Публикуемая статья, основанная на материалах архива, показывает, каким сложным путем шел к этой книге писатель.

Война застала Овечкина на Кубани, в станице Родниковская. Он жил здесь на положении профессионального писателя,— после шести лет разъездной, корреспондентской работы в газетах Ростовской области и Краснодарского края.

Овечкин рвется на фронт. Его не берут — «нет разнарядки на писателей». Овечкин завидует своему другу Михалевичу, когда того, наконец, призвали.

Он пишет (17 октября 1941 года):

«Эх, не пришлось, Саша, вместе повоевать. Ну, ладно, будем воевать порознь. А писать после об этой войне будем опять вместе.
Сколько неосуществленных планов, сколько поломанных жизней! Да разве у нас только!
Драться буду зверски. И за белорусские, и за украинские колхозы, и за свой родной, где осталась моя молодость и лучшие годы».

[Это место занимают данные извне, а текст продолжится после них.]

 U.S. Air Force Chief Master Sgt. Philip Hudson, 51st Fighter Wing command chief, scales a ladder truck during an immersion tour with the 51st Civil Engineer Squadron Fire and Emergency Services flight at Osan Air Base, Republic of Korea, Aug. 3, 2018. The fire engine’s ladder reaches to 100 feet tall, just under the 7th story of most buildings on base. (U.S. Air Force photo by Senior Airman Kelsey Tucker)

Очень по-своему, похоже на себя самого начал Овечкин пробиваться на фронт.

Из письма В. Овечкина А. Михалевичу 7 ноября 1941 года:

«Я получил повестку РККА, потом отставили. Все мои просьбы перед военкоматом не действуют — не требуется моя категория и должность, не дают разнарядки. Но все-таки нашел другой выход. Скоро все же уйду в армию. Уже живу в казарме, имею коня, обмундирование. Народ, с которым пойду на фронт, очень интересный, все — красные партизаны, добровольцы той и этой войн, есть отцы 2—3 и даже 6 сыновей, находящихся сегодня на фронте. Теперь уже твердо — скоро буду на фронте...»

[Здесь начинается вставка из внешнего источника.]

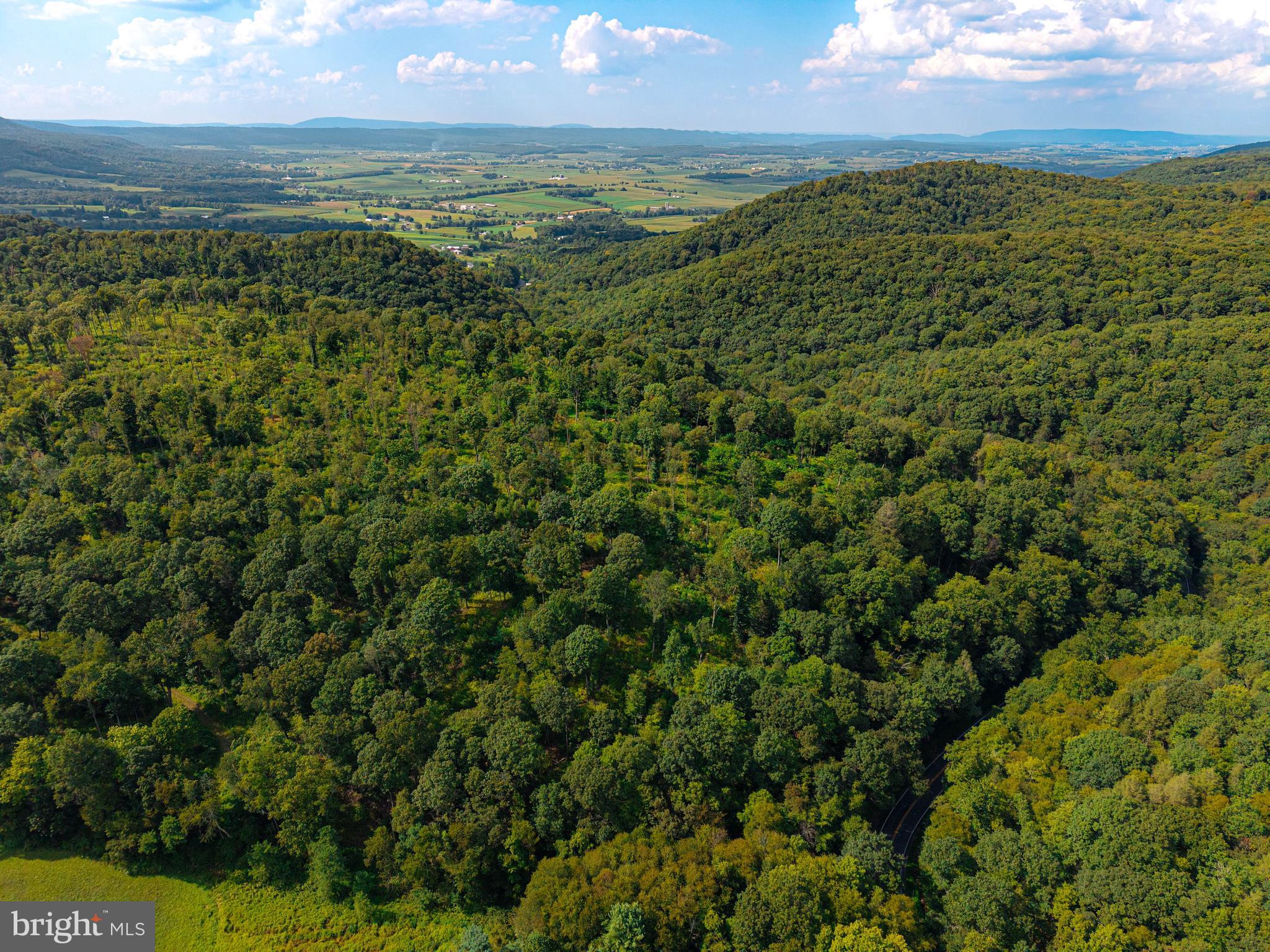 a view of an outdoor space and a lake view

Ополчение вскоре ушло на фронт. Но ушло без Овечкина. Буквально за несколько дней до заветного срока он был отозван из ополчения Краснодарским крайкомом ВКП (б) и направлен в газету Кавказского фронта. В «Боевой Крымской» Валентин Владимирович работал в «гражданской должности писателя» с В. Овечкин. 1943 год. 4-й Украинский фронт.

30 декабря 1941 года по 8 июня 1942 года, то есть фактически все время, пока существовал фронт в Крыму.

С ликвидацией фронта прерывается журналистская работа Овечкина. Войну он продолжает в звании пехотного офицера, в должности агитатора полка.
Политработа в пехотной части — самый долгий период в армейской биографии Валентина Владимировича Овечкина. Он воевал на Сталинградском фронте, прошел с армией по многим районам юга России.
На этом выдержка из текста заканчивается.